Here is the output of the page count setting for the footer:

2.png

Generate the document

Run the project. In the browser, select the only endpoint and click on 'Try it out'. Enter 1 in both fields, then click the 'Execute' button:

obraz.png

This is the result you should get. Download the file.

obraz.png

Issues and tips

Using external css files - Wkhtmltopdf and Bootstrap

Just a quick showcase - insert the following style tag in the Template.html file:

<link href="https://cdn.jsdelivr.net/npm/bootstrap@5.0.2/dist/css/bootstrap.min.css" rel="stylesheet" integrity="sha384-EVSTQN3/azprG1Anm3QDgpJLIm9Nao0Yz1ztcQTwFspd3yD65VohhpuuCOmLASjC" crossorigin="anonymous">

And now, let’s wrap the finish time in one of the Bootstrap components:

<span class="badge bg-success">{{ theFinishTime }}</span>

And try to generate the document:

3.png

The file generates for the first time and then shows raw text or runs for a long time, then crashes

For multi-threaded and web applications, SynchronizedConverter should be used. Also, it should be registered as a singleton in the DI container:

builder.Services.AddSingleton(typeof(IConverter), new SynchronizedConverter(new PdfTools()));

Problems will also occur if you use BasicConverter instead of Synchronized one. So, bottom line: for web apps, use a SynchronizedConverter registered as a singleton. It may not be with a project so simple as this one but may happen in real-life scenarios.

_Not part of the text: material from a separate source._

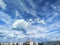 Blue sky with beautiful clouds over urban high-rise buildings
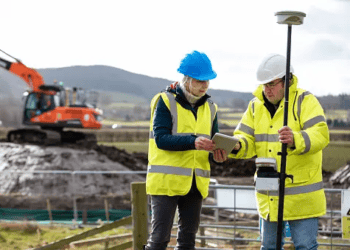 Two surveyors review data on a tablet at a construction site. Reclamation project. - Supply Chain News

How to achieve page breaks and dynamically add new pages

Sometimes you need to generate every page separately with new content. For example, if we created a report for 5 runs, with every run on a separate page. To ensure correct page breaking, you can add a div with the following formatting:

.new-page {
page-break-before: always;
}

Go to Template.html and add the CSS block to your style tag. Then, find a place just before the tag closes and do the following - a.k.a. let’s deliberately break the layout a bit and make it overflow.

{{ loremIpsum }}        
<div class="new-page"></div>
    </body>
</html>

Then, in CertificateGenerator class, add the following piece of code:

htmlBuilder.Replace("{{ loremIpsum }}", @"
Lorem ipsum dolor sit amet, consectetur adipiscing elit.Morbi eu pulvinar nisl.Morbi posuere leo a nisl posuere feugiat.Vivamus elementum dui diam.Nullam varius porttitor diam et eleifend.Nunc viverra elementum iaculis.Nulla vel ex egestas, rutrum massa ac, mattis ipsum.Nullam sed vehicula tortor.Vestibulum ac mattis elit.In feugiat felis sed dolor maximus, et fermentum mauris varius.Nulla et eros varius, efficitur augue eget, venenatis justo.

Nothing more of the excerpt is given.